Change Your Environment
Your surroundings have an outsized influence on how a high feels. If you’re in a loud, crowded, or unfamiliar place, your nervous system is already on alert, and THC amplifies that. Move somewhere quieter if you can. Sit or lie down. Put on something familiar and low-key: a show you’ve seen before, calm music, a podcast with a soothing voice. Novelty and stimulation feed anxiety when you’re too high. Familiarity and comfort counteract it.
Taking a warm (not hot) shower can also reset your senses. The steady water pressure gives your brain a single, pleasant sensation to focus on instead of spiraling. If a shower isn’t an option, simply stepping outside into fresh air and focusing on the feeling of wind or temperature on your skin does something similar.
What Not to Do
Don’t drink alcohol. It increases THC absorption and almost always makes things worse. Don’t consume more cannabis, even if someone tells you a different strain will “balance it out.” Don’t drink coffee or energy drinks, as caffeine raises your heart rate and can spike anxiety further. And don’t try to fight the high by pacing, arguing with yourself about whether you’re okay, or frantically Googling symptoms. Lie down, breathe, and let time do the work.
Edibles Last Much Longer
If you ate an edible, you’re in for a longer ride than someone who smoked. Inhaled THC peaks fast and clears within a few hours. Edible THC gets processed through your liver, which converts it into a more potent form that crosses into your brain more effectively. That’s why edibles can feel stronger than smoking even at the same dose, and why the effects can linger up to 12 hours.
The hardest part with edibles is that you may not have peaked yet.
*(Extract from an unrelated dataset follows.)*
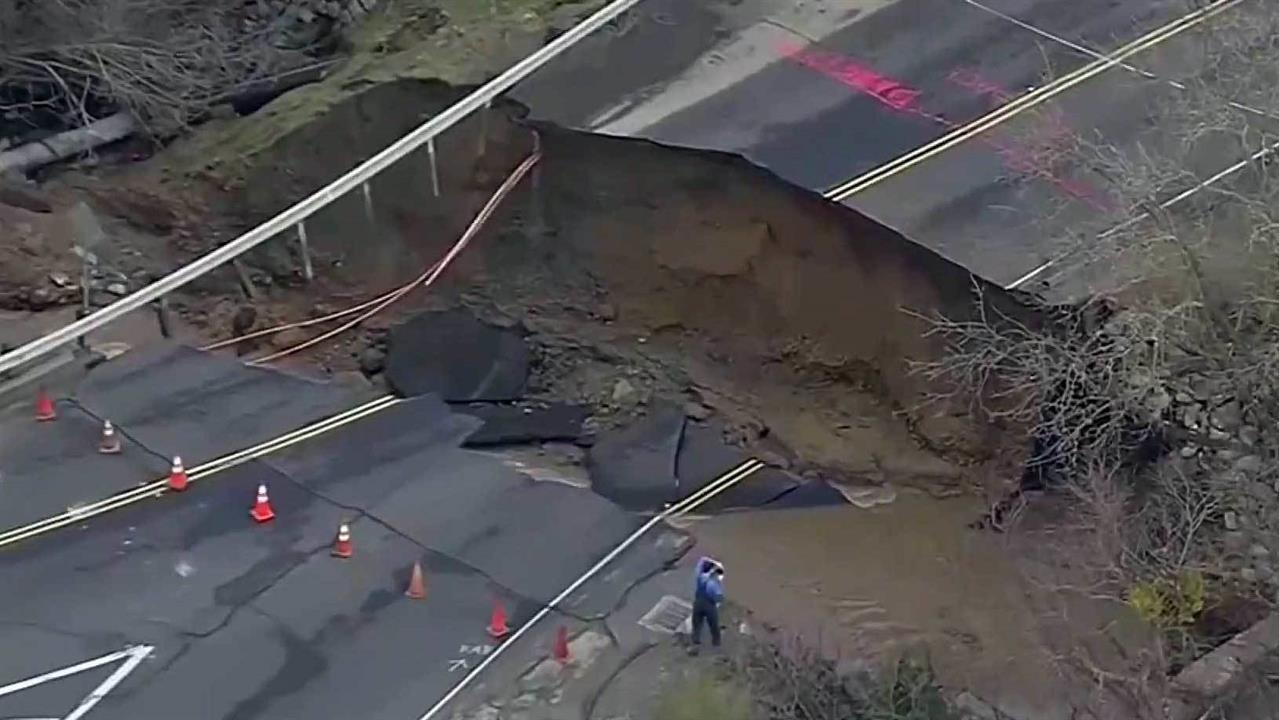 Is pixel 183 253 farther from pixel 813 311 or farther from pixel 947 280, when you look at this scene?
pixel 947 280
If you ate the edible less than four hours ago, the high could still be building. Knowing this is actually useful: you’re not stuck at the worst point forever, but you may need to settle in and ride it out longer than you’d like. Use the techniques above, get comfortable, and try to sleep if you can. Sleep is the most effective fast-forward button available.
Signs You Need Help
Cannabis is not going to kill you, and the vast majority of “too high” experiences resolve on their own. But a small number of situations do warrant a call to Poison Control (1-800-222-1222 in the U.S.) or a trip to an emergency room. These include trouble breathing, an inability to wake someone up or keep them conscious, uncontrollable vomiting that won’t stop for hours, chest pain, or a heart rate that stays above 150 beats per minute even after trying the calming techniques above. Children who accidentally ingest edibles should be evaluated by a medical professional regardless of how mild their symptoms appear, as their reactions can escalate quickly from drowsiness to serious respiratory problems.